GenAI gateway reference architecture using APIM
This section presents the reference architectures of a GenAI gateway for an enterprise that needs to access both Azure OpenAI (AOAI) resources and the custom LLM deployments on their own premises. There could be many possible ways to design a GenAI gateway using a combination of various Azure services. This section demonstrates using Azure API Management (APIM) Service as the main component to build the necessary features for a GenAI gateway solution.
Reference Architectures using Azure API Management
The Azure API Management(APIM) Landing Zone accelerator provides a comprehensive solution to deploy a GenAI gateway using Azure API Management with best practices around security and operational excellence.
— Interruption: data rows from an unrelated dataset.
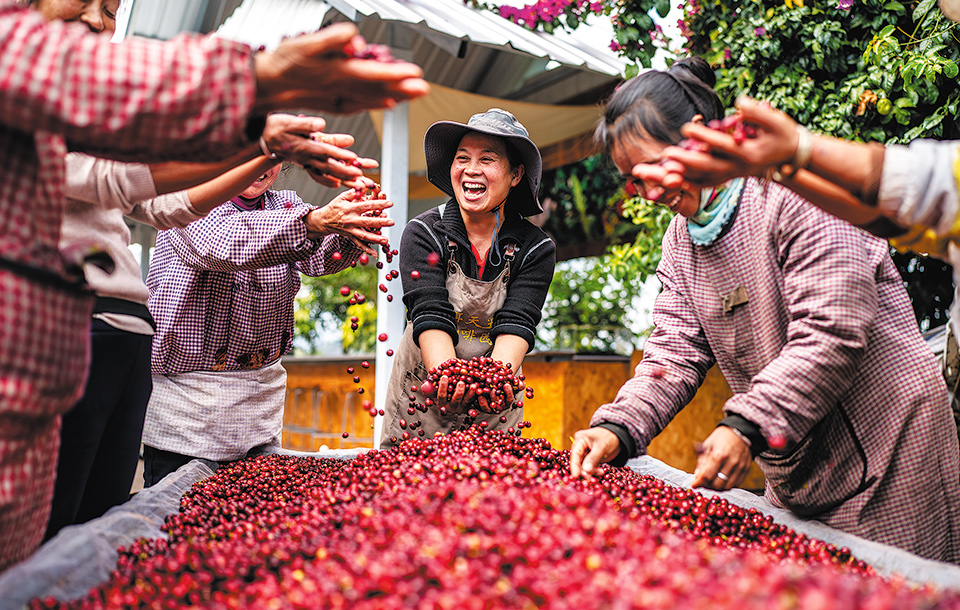 El café de Yunnan se abre paso y gana adeptos
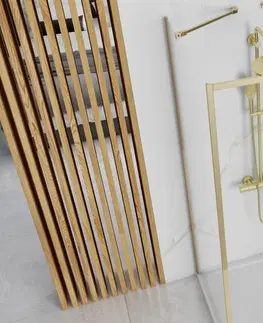 Sprchové dvere REA/S - Sprchový Rapid Slide Gold Dvere: 100 x Sprchová zástena: 90 KPL-09417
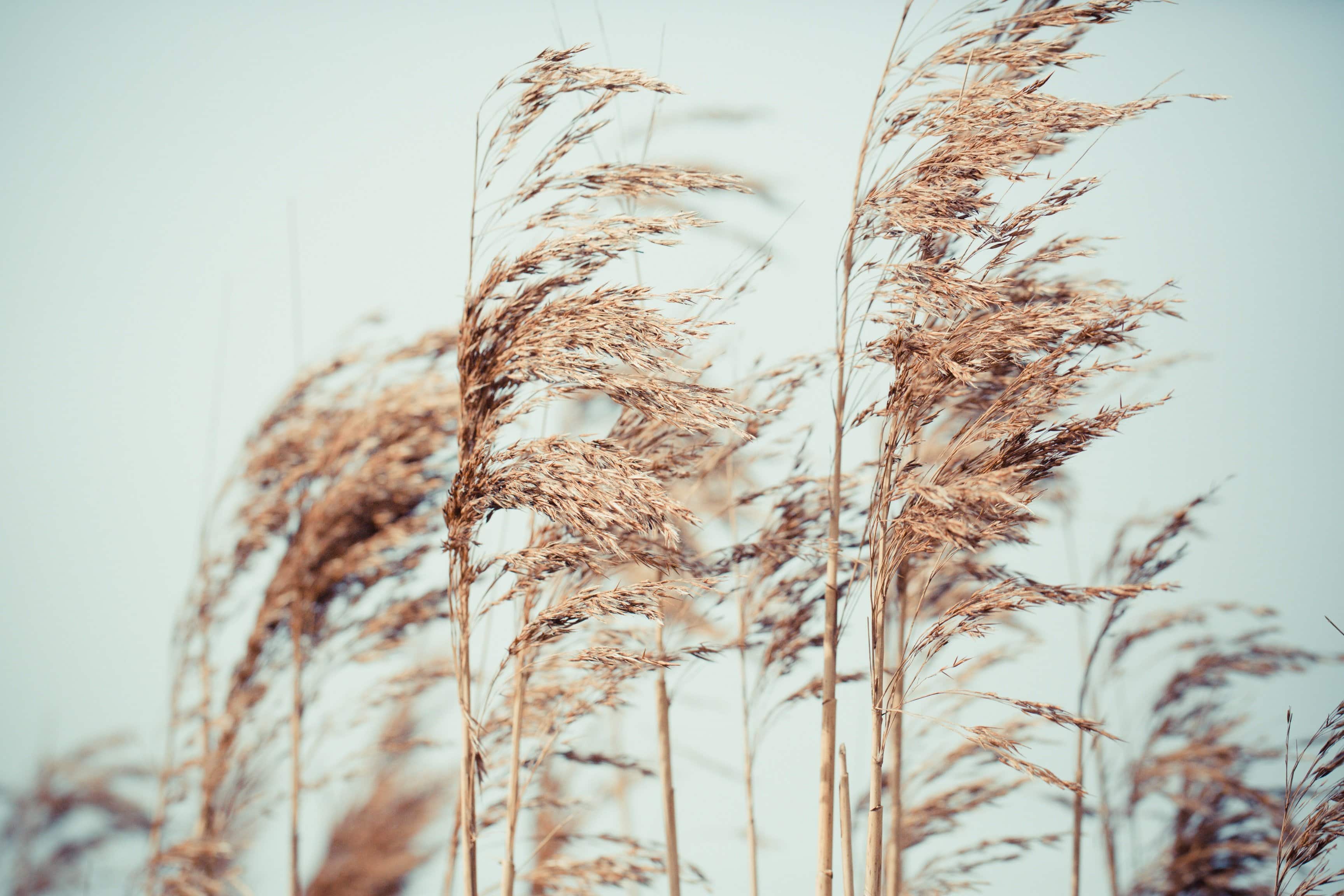 5 Habits to Embrace More Positivity #AugustBergInsiders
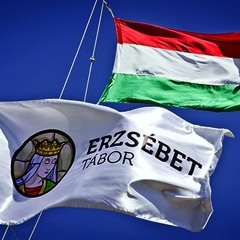 Bözsi Remix (Erzsébet tábordal dnb version)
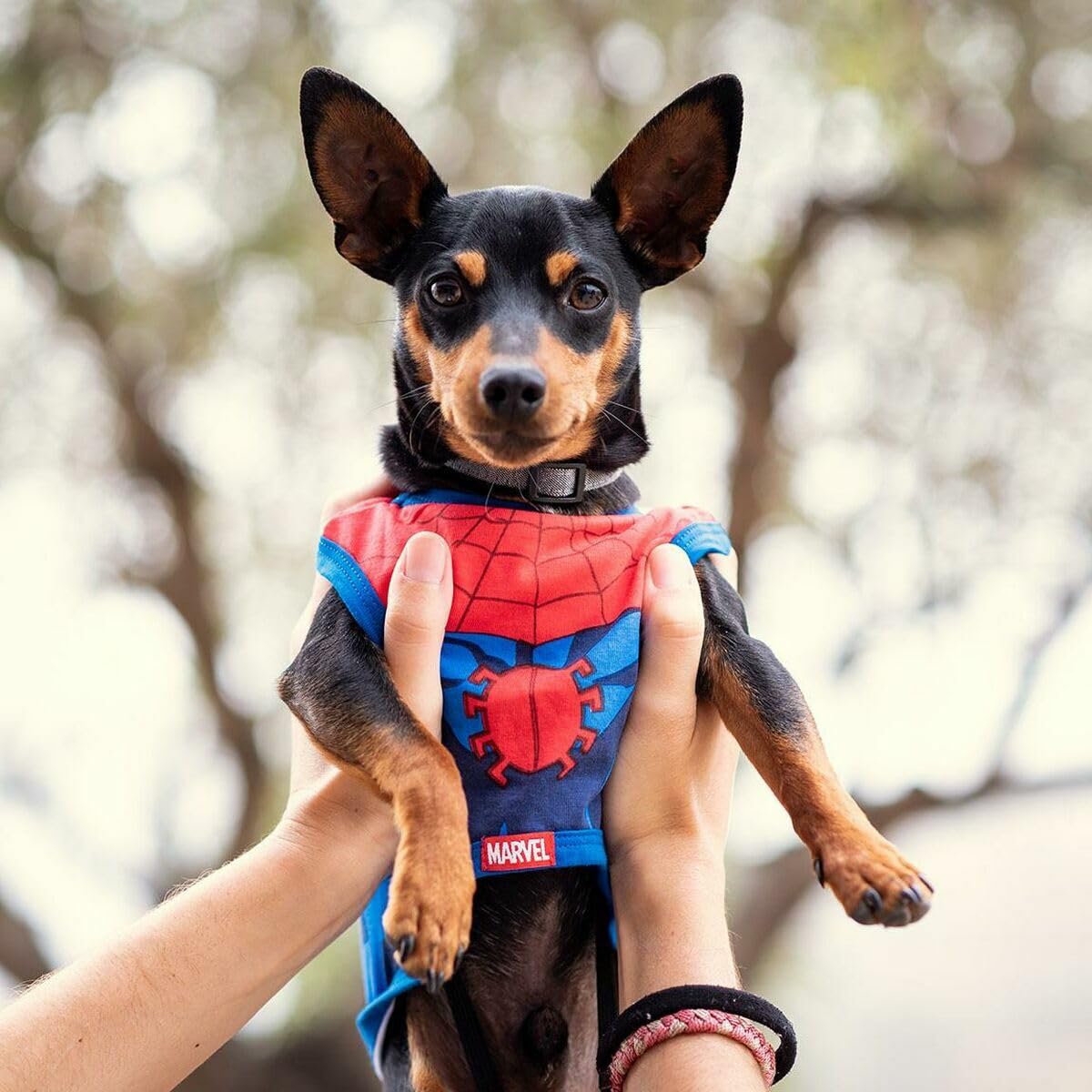 CERDÁ LIFE'S LITTLE MOMENTS - For Fan Pets, Magliettina per Cani Spiderman - T-shirt per cani - Licenza Ufficiale Marvel rosso XS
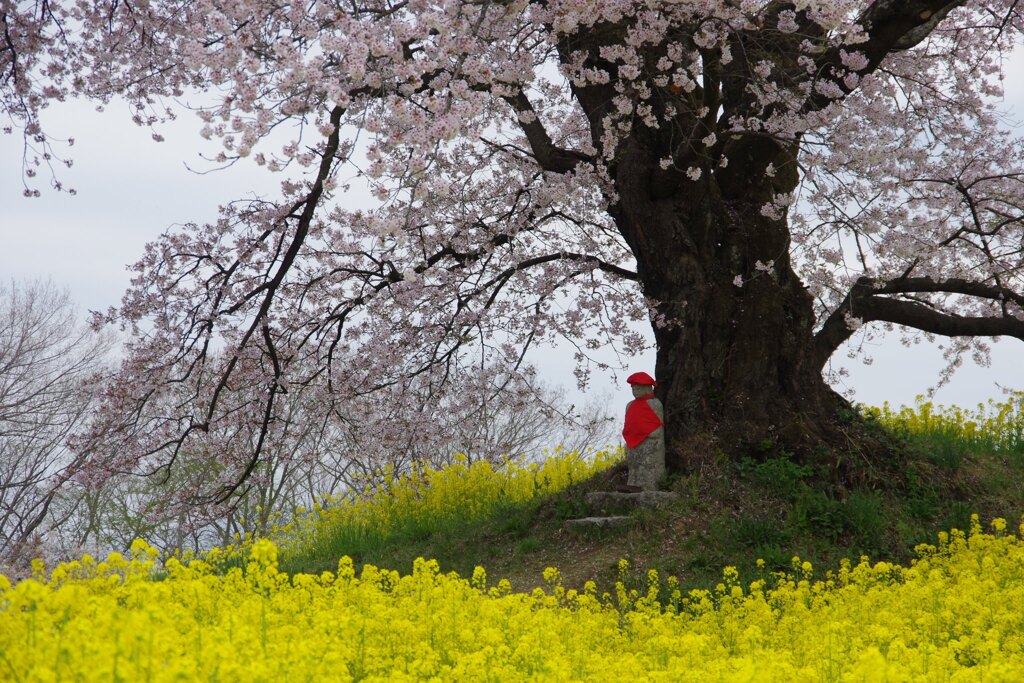 地蔵桜
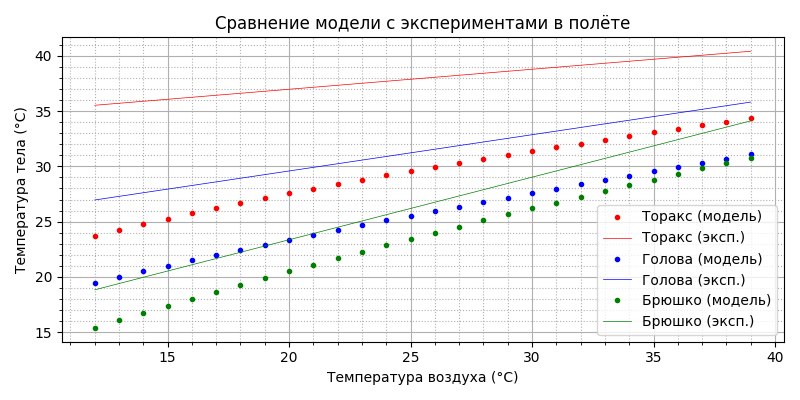 Модель термогенеза пчелы - 40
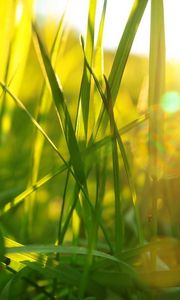 Preview wallpaper grass, light, plant
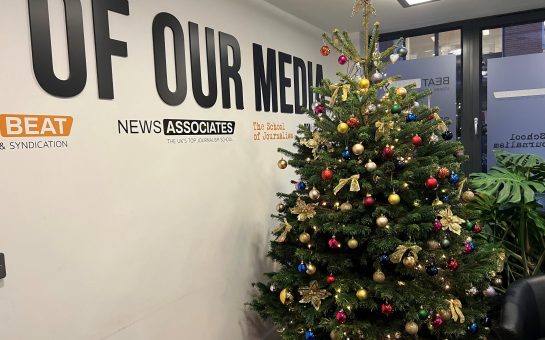 A decorated Pines and Needles Christmas tree in our office.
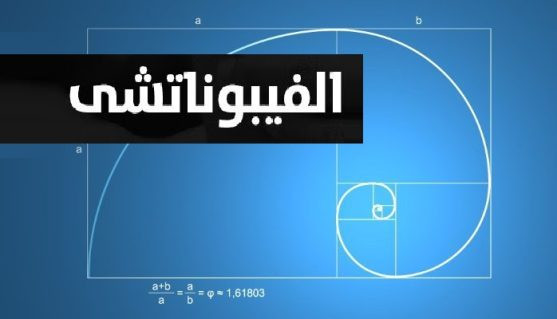 ارتداد فيبوناتشي: الدليل الكامل للمتداولين العرب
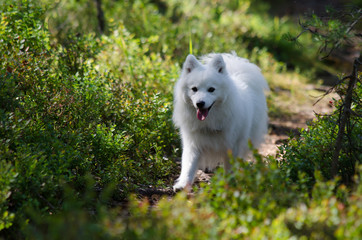 Japanese spitz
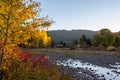 Sun highlights the autumn colored trees along the Naches River. Royalty Free Stock Photo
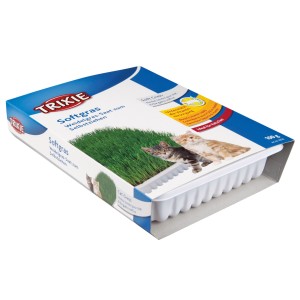 Iarba Pisicii Soft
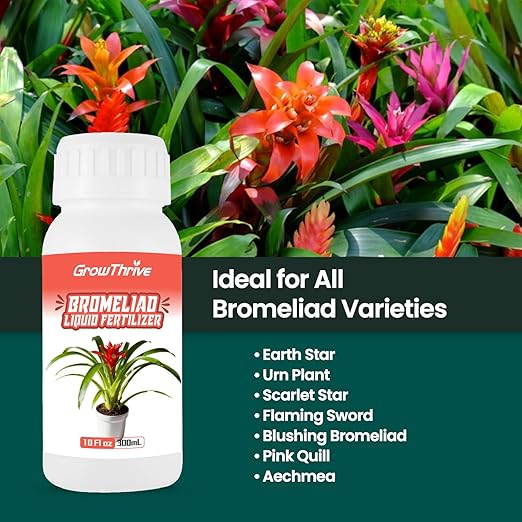 Bromeliad Liquid Fertilizer – 10 oz Organic Plant Food for Bromeliads, Air Plants & Tillandsia | Natural Probiotic Formula, Enhances Leaf Growth, Root Strength & Flower Color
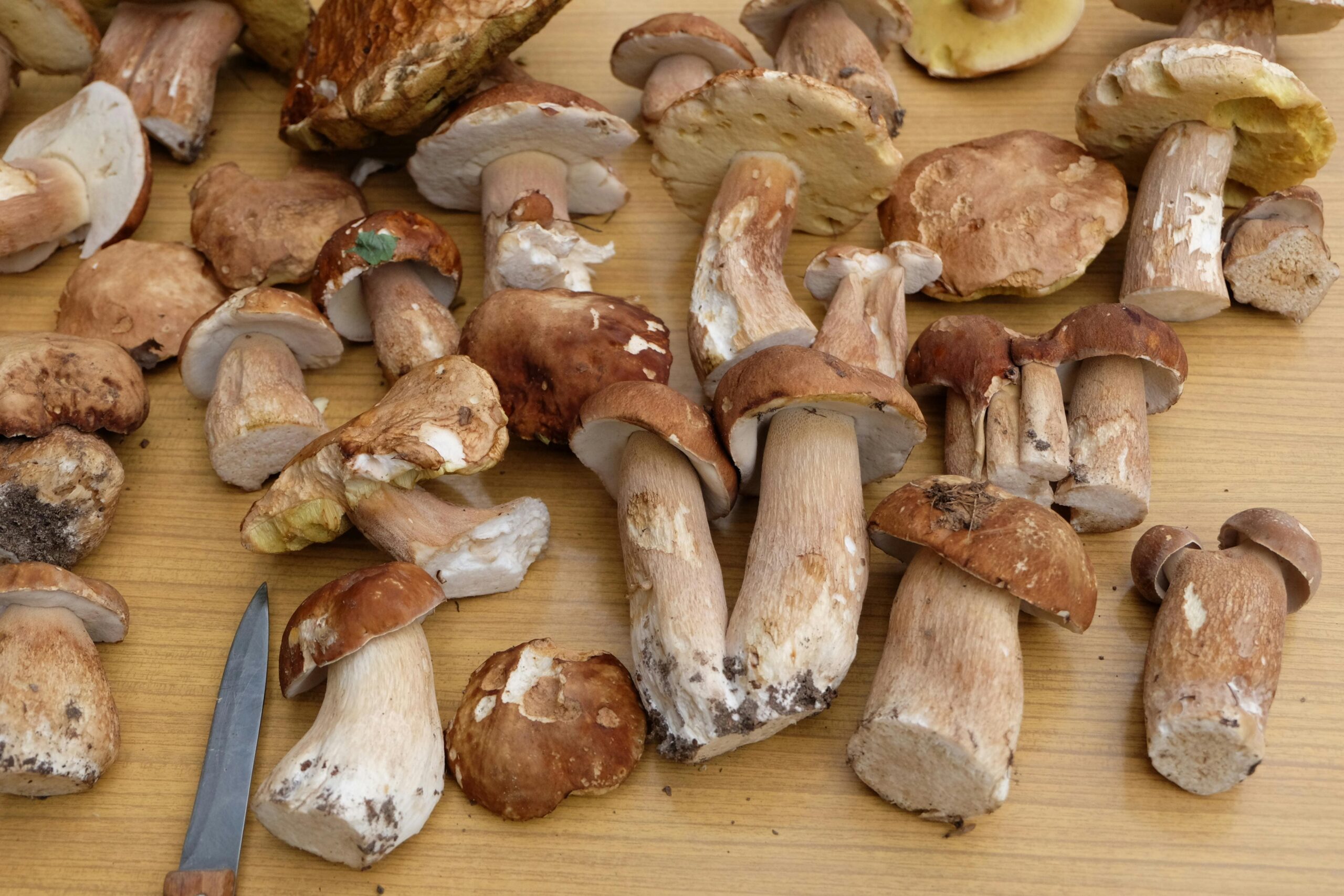 Champignons en Andorre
GenAI gateway using APIM is one of the reference scenario implemented in this accelerator.
Cloud-based GenAI Gateway
This design shows how to use APIM to create a GenAI gateway. It smoothly integrates with AOAI services in the cloud and any on-premises custom LLMs that are deployed and available as REST endpoints. The architecture incorporates elements that are engineered for batch use cases, with the aim of optimizing PTU utilization described here.
Figure 1: Cloud-Based GenAI using APIM |
APIM products and subscription features can enable various Generative AI scenarios in an enterprise. Different products can offer the following different functionalities:
- Creating content.
- Producing embeddings.
- Searching.
Subscriptions allow different teams to access these functionalities.
Key considerations
One important thing to keep in mind with this method is that the gateway component is on the cloud. On the cloud means that the Azure network has to process every request before any of the gateway policies apply. This processing can impact the total latency when other services are running on-premises. Besides that, if there are LLM models deployed on-premises, then the right network setup has to be there to enable inbound connection from the gateway to on-premises network.
On-premises GenAI Gateway using APIM Self-Hosted Gateways
Many enterprises would like to use existing in-house capabilities while also having network constraints to allow inbound connection from Azure to their internal network.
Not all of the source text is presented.